How many stories do you intend to document?
I'm going to keep going. My motivation was to document this really extraordinary time, and hopefully there's never going to be another period in history when everyone is at home like this. And so I thought this is one way to document what's happening and just telling these stories. And it is really interesting to talk to people all over the world, who are all at different stages.
Is there a common thread among these stories?
There is one thing. There is. And it's that realization that everyone seems to be going through that, it's not just about me and my family. In the case of my father — it's not about me and him and my relationship. Because if it was, I would still want to see him because I would think he's at the end of his life anyway. It's that realization that we all have to do this because of trying to protect our health [care system]. So it's beyond the individual. And I think everyone is realizing that they're having to do something that's for everyone, for the greater good.
We've talked about people's environments, but I can't stop staring at the painting in the back.
I have three brothers and a sister. And one of my brothers is an artist. And he painted that of me.
How long ago was the painting?
Well, it's a painting of a photograph, actually. He must've painted it about 25 years ago. But the picture is about 45 years old.
How old are you in that photo?
I think 3 or 4. I was the youngest of five. My entire family went away on holiday without me. And they came back, and put that hat on me. And they said, "Let's take a picture." I don't know if you can see my expression, but I'm really unimpressed.
They left me with family, friends, because I was too much bother. You know, that was the 1970s. I don't think people see that kind of thing now. I seemed to have coped.
(laughs) I was gonna ask! You don't seem too happy. Sorry, I just knew that painting had a story. It's been a month since the outbreak was officially declared as a pandemic. How has your daily life changed?
There were a couple of weeks of everything being canceled. Everything. Everyone was really stressed. And then the schools closed two weeks ago for us. And we didn't know day to day whether the schools were going to close. Actually, three and a half weeks ago was when my father's care home closed and said no more visitors. That was when it really struck me what was happening.
What's been the most difficult part?
That, that. My father. I usually go and see him once a month because he lives about two hours away. And I realized I really need to go, like, now. Tomorrow. I need to go because I just have this feeling things were going to start changing.
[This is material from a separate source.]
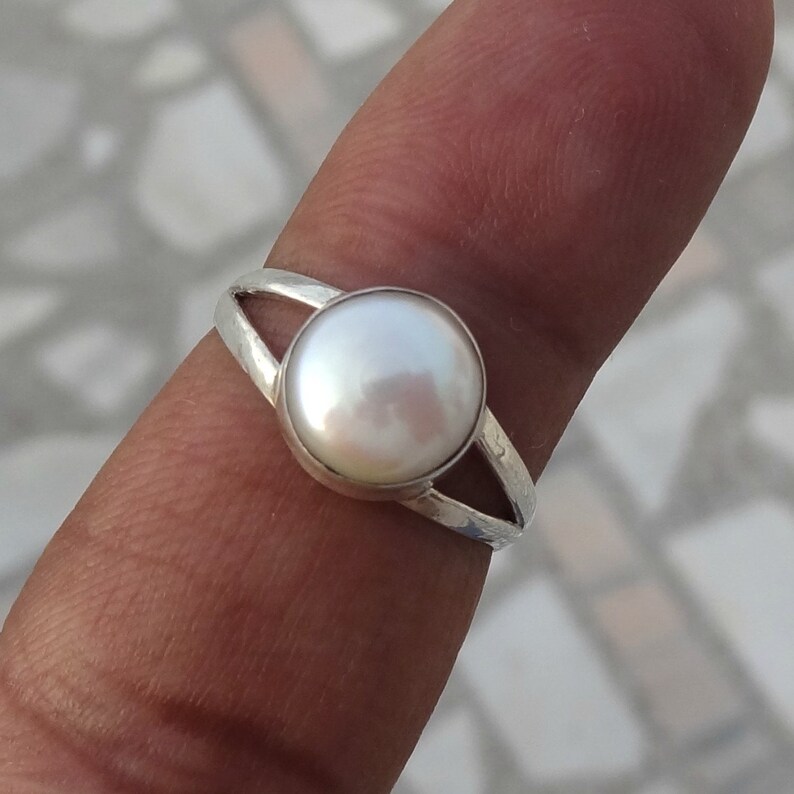 May include: A silver ring featuring a single round, white, iridescent pearl set in a smooth bezel. The band of the ring is split into two thin, textured silver segments that meet at the base, creating a simple and clean design for the jewelry piece.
And I called them before I left and I said, "You are still open, aren't you?" And they said, "Yeah, of course, we're still open."
And then, by the time I got there two hours later, they said, "Actually, we're not accepting any visitors," but because I phoned, they said, "O.K., you can come in." And that's the last time I saw him.
And that's really hard because I can't communicate with him other than going and, you know, holding his hand and chatting to him, talking to him for a little while. I can't phone him. We tried Skyping. He can't really engage with the screen. So that's been the hardest bit.
My dad is a big deal [to me]. But the other things, you know, all the kids' plays and performances and everything that were canceled, you feel kind of this cumulative sadness. But then, if it's saving lives, then that's fine. That's fine.
What would be the first thing you do when this is all over?
Oh! I just can't wait to hug my friends. Well, going to see my dad, and have some hugs.